Comparative Literature
Early Modern Studies
Literature and Science
Renaissance
Textual and Digital Studies

Education: B.A. Yale (2000); Ph.D. Princeton (2007). I am a scholar of Renaissance literature and intellectual history with an interest in how ideas travel, the histories of reason and emotion, and the function of images and metaphors as both vehicles and catalysts for thought. In my work I am especially interested in the ways early modern aesthetic and material histories might help us better understand our contemporary world—from experiences of social atomization and fragmentation to the environmental disasters brought upon and aggravated by climate change.

My first book, The Lucretian Renaissance: Philology and the Afterlife of Tradition (Chicago, 2011), follows the afterlife of the ancient scientific poet Lucretius from the fourteenth through and seventeenth century, showing how the physics of atoms and the void shaped the imaginations of a range of scholars, poets, scientists, and philosophers who were reimagining the idea of method, literary practice, and the transmission of knowledge. Long before the scientific revolution, I argue, atomism reemerged in the Renaissance as a story about reading and letters—a story that materialized in texts, in their physical composition, and in their scattering. This book was the winner of the Harry Levin Prize from the American Comparative Literature Association in 2013.

My second book, Catastrophizing: Materialism and the Making of Disaster (Chicago, 2019), traces the history of the mind’s turn to disaster in the early modern period, showing how a seemingly bad habit was a spur to some of the period’s most daring conceptual innovations.

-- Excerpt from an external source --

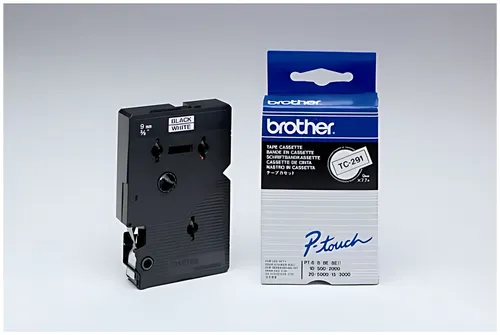 Brother TC-291 DirectLabel schwarz auf weiss 9mm x 7,7m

It also explores how the history of this style of thought can help us see our own propensity for thinking the worst in a new light: as a felt relationship to the invisible world of matter. My inquiry encompasses a wide range of materials—from the writings and drawings of Leonardo da Vinci to the commentaries of humanist readers, from the cheap print of sixteenth-century astrologers to the works of Shakespeare and John Donne, from Robert Hooke’s thinking on microscopes and earthquakes to the “before and after” images of the Lisbon earthquake and the writings of Immanuel Kant. This book was the winner of the 2020 book prize from the British Society for Literature and Science and was shortlisted for Phi Beta Kappa’s Christian Gauss Award for literary criticism.

I teach a wide range of classes—from large lectures on Shakespeare to smaller seminars such as “Leonardo, Montaigne, and Shakespeare” and “Earthquakes of the Mind: On the Disastrous Imagination.” With Josh Weiner, I have co-taught two graduate seminars on poiesis: “Mind Over Matter: Acts of Knowing and the Actions of Poetry,” and “Eco-poetics.” My work has been supported by the American Academy in Rome, the Folger Shakespeare Library, the National Humanities Center, the Bogliasco Foundation, the Civitella Ranieri Foundation, and the New York Public Library’s Cullman Center for Scholars and Writers. In 2019 I was awarded an ACLS fellowship and a John Simon Guggenheim Fellowship. I am currently at work on a study of religion and transhistorical identification.